Colonels (was: Old Norse)
|From:||John Cowan <jcowan@...>|
|Date:||Monday, June 26, 2000, 15:53|
BP Jonsson wrote:
> Even if they weren't so actually?
Yes. Historically, Anglo-Americans have distrusted standing armies as potential
instruments of tyranny. Even now, I believe, the British Army has to be annually
re-authorized by Parliament, and if they didn't do so one year, it would dissolve
into thin air.
Consequently, in time of war anyone with money was expected to apply for a
King's commission to raise his own regiment of soldiers, and would then be
automatically colonel of the regiment. As you can imagine, this did not make
for professionalism in the officer corps. The U.S. Civil War probably was
the last time armies were organized like that.

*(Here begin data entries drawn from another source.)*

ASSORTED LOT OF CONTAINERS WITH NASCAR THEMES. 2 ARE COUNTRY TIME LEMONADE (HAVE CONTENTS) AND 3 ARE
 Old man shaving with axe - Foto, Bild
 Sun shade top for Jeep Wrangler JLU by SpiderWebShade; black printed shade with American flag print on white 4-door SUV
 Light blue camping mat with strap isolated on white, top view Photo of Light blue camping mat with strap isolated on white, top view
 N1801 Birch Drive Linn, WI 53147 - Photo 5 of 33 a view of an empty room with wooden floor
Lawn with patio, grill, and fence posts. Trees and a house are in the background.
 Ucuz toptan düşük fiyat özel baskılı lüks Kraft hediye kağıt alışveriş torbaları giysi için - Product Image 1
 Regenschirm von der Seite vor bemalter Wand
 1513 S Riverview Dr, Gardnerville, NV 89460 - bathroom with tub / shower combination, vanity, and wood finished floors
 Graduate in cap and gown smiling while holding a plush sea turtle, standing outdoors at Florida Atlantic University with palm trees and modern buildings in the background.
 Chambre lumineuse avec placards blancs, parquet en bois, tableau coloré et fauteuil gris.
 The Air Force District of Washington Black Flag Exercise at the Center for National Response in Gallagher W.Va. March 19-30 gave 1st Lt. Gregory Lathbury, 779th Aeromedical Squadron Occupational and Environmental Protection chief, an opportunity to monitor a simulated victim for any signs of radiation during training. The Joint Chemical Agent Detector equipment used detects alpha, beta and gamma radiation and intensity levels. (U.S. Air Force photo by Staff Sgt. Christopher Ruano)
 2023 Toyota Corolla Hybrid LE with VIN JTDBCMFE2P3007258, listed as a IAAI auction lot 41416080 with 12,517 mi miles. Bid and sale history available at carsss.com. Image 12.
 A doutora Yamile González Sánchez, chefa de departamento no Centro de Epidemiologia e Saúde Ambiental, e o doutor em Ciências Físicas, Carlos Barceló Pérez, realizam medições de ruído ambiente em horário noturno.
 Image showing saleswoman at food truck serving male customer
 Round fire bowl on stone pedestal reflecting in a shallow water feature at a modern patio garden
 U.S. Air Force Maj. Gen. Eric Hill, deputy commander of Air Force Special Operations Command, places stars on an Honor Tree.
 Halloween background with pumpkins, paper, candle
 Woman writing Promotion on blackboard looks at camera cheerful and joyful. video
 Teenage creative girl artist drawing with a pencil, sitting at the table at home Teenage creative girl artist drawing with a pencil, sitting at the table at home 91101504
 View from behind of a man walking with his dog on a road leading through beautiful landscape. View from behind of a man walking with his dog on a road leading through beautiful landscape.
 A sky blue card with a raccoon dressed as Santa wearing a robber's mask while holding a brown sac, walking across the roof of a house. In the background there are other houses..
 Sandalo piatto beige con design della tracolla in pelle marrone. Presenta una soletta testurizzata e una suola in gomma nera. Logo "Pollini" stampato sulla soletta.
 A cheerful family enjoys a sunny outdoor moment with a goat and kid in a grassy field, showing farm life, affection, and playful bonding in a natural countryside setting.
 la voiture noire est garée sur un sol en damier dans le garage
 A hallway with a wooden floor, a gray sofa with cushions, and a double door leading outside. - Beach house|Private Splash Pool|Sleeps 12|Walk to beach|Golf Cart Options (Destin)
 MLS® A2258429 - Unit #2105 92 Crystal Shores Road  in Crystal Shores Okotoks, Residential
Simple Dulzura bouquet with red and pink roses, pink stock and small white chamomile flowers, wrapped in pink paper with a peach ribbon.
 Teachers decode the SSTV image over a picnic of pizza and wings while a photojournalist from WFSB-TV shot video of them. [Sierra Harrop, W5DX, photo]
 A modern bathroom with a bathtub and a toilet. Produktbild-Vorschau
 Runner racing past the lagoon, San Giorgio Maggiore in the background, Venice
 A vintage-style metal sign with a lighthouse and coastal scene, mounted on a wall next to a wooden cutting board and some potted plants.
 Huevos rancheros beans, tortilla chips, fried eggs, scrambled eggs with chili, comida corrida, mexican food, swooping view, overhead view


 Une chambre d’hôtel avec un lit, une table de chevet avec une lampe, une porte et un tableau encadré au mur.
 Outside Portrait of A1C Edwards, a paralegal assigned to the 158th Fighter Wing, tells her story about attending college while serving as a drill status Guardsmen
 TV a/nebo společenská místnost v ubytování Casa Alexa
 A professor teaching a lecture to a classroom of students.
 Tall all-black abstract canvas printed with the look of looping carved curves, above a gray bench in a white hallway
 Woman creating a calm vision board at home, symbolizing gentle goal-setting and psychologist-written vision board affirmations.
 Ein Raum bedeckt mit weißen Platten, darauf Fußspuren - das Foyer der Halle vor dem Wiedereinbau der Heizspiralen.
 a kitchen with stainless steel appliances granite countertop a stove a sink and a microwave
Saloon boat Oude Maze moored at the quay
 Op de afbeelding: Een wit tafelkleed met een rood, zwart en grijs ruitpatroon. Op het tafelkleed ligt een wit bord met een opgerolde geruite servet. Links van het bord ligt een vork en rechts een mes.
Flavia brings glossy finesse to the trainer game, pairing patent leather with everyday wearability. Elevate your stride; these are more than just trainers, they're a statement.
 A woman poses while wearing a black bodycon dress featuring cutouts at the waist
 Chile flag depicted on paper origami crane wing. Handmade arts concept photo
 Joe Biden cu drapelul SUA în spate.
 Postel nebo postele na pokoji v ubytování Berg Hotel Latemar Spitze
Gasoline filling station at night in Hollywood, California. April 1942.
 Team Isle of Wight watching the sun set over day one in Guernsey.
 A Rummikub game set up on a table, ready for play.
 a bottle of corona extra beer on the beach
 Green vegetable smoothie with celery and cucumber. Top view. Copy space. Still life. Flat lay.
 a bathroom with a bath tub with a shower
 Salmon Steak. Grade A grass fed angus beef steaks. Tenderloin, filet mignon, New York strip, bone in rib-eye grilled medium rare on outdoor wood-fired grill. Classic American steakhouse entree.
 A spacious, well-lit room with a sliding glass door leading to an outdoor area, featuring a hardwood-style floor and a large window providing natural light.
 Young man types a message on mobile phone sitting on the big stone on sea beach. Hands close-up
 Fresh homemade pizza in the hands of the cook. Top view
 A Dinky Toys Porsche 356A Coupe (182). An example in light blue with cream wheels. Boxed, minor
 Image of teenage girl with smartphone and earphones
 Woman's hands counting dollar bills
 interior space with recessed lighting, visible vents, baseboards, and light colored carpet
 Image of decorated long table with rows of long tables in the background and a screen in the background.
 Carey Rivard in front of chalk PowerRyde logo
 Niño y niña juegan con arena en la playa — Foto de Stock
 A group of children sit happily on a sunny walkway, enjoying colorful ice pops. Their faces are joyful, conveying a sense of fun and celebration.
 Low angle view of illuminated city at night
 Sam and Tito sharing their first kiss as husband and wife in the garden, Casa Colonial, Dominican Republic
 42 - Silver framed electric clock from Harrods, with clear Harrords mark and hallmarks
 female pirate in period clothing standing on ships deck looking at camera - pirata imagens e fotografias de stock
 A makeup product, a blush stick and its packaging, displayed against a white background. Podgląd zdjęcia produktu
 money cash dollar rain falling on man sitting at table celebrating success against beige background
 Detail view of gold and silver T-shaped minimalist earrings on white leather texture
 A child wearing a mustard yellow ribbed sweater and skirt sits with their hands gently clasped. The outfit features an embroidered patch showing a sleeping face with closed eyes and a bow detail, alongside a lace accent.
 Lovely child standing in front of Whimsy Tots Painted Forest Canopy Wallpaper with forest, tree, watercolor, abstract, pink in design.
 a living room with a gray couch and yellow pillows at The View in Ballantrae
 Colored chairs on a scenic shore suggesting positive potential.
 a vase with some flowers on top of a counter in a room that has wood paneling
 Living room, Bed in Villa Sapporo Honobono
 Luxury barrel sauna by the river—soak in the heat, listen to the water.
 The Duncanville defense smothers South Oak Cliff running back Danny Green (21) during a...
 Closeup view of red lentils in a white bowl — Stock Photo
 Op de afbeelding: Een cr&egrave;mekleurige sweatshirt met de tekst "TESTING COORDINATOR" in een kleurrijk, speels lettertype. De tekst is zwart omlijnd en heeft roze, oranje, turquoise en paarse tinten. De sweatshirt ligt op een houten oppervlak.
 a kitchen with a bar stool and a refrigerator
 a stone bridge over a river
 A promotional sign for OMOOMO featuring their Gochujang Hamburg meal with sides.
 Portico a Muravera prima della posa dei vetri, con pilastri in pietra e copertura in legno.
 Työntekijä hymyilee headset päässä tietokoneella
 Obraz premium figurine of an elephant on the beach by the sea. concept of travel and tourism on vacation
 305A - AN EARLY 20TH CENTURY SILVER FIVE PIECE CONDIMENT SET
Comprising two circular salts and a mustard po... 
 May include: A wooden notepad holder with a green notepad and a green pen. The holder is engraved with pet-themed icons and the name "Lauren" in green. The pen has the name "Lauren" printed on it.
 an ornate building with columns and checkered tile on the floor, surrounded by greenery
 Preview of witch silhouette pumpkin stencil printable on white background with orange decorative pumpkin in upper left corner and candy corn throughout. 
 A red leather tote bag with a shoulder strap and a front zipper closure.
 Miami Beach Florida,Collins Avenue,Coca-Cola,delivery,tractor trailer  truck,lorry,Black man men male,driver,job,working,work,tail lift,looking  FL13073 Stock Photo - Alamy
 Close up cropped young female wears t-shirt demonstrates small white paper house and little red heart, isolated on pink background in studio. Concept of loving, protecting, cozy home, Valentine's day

Indeed, it was common on both
sides for citizen-soldiers to elect their officers.
Since the South lost the war, the presumption that any wealthy or socially
important person was, or had been, a colonel got frozen into social situations
even after it was obsolete militarily.
> Up to ca 1960 Swedes had to keep track on each other's occupational etc.
> titles (or their husbands') since their definite forms had to be used for
> addressing in conversation.
Also true in Brazilian Portuguese, to the extent that "o senhor" and "a senhora"
are taught to students long before any second person pronouns.